As always, it’s the Acorn Electron graphics that take a huge amount of time to create. I tend to create the graphics for the BBC Micro version and then try and create smaller versions for the Acorn Electron. Doing this takes a long time, and a lot of trial and error.

A screenshot of Screen A of the level set Vivace in the game Repton The Secret Realms. The screenshot is running in the ClockSignal emulator, with S-Video emulation, so the colours are slightly washed out.
An Acorn Electron Repton The Secret Realms screenshot taken in Clock Signal, with S-Video emulation

I haven’t yet started work on the cover art or packaging for the game.
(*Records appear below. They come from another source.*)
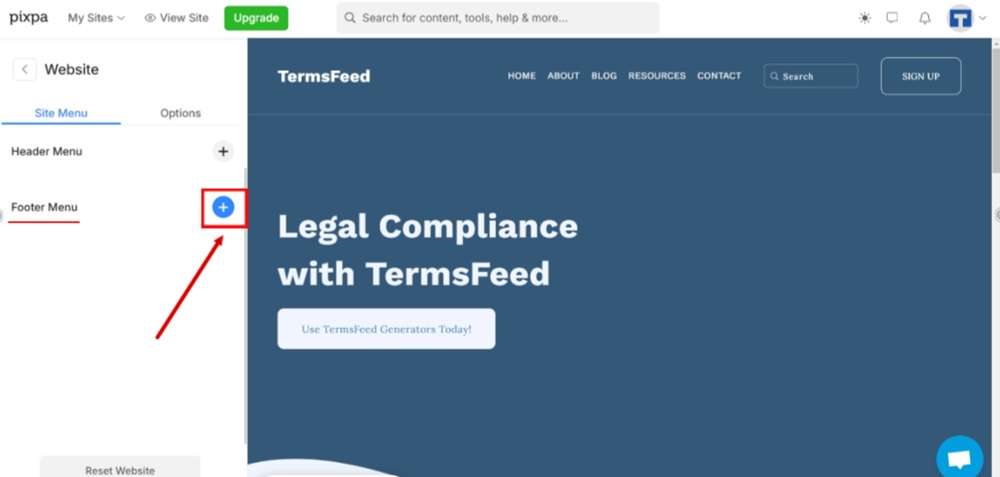 TermsFeed Pixpa - Website - Footer Menu - Add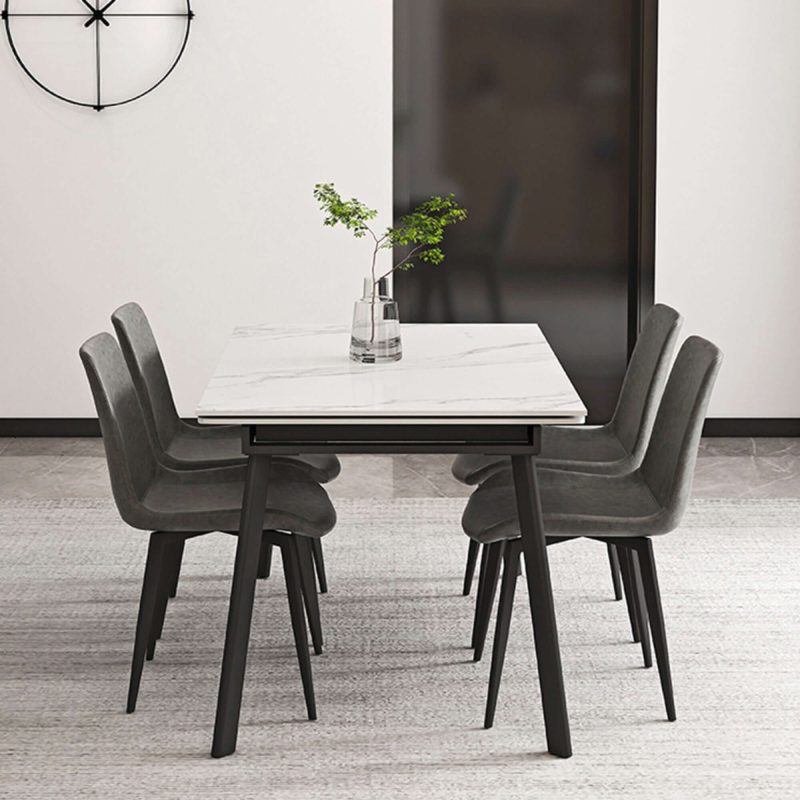 Hausfurn Extendable Marble Dining Table for 4-8 Person Rectangle Sintered Stone Tabletop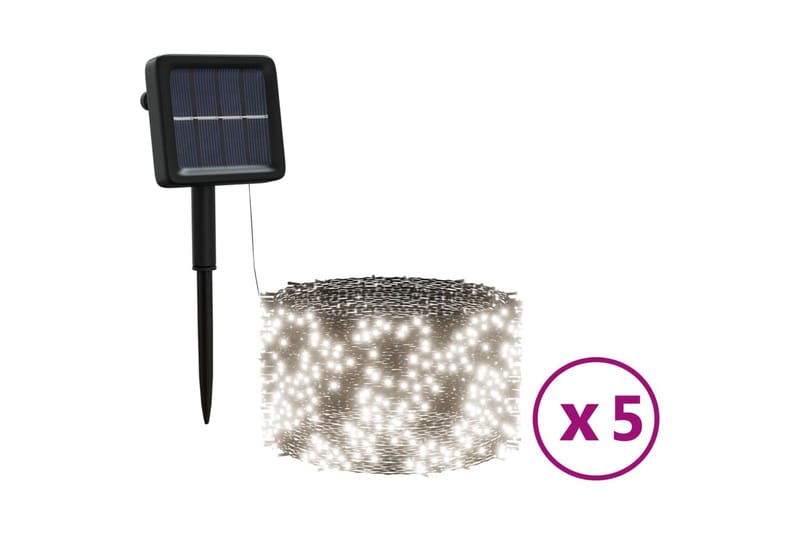 soldrevne lyskæder 5 stk. 5x200 LED'er inde/ude kold hvid - Belysning - Julebelysning - Øvrig julebelysning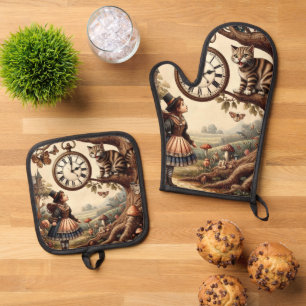 Ensemble De Gant De Cuisine Et De Manique Alice & Chat du Cheshire : Fantaisie Merveilleuse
I have a cover art concept in mind, and will start working on it when I have completely finished the game graphics and level design.

A screenshot of the BBC Micro emulator b2 running screen D of the level set Moderato from Repton The Secret Realms. Repton is in the middle of a long passageway with balloons, rocks and diamonds in the rooms to his left and right.
The finished result: a level that I designed in 2010 running in the b2 emulator

At the moment it’s not clear how many level sets the finished release will have, or when the release will actually take place. However, the project is most definitely under active development and looks set to have a physical release on cassette, 5¼” disc and 3½” disc for the BBC Micro and Acorn Electron. It has the blessing of Superior Interactive and I’ll post updates here as things progress.

Many thanks to Michael S. Repton and Katie Roseine for their help and encouragement in getting this project back on the rails and to Dave Moore and Richard Hanson for their encouragement.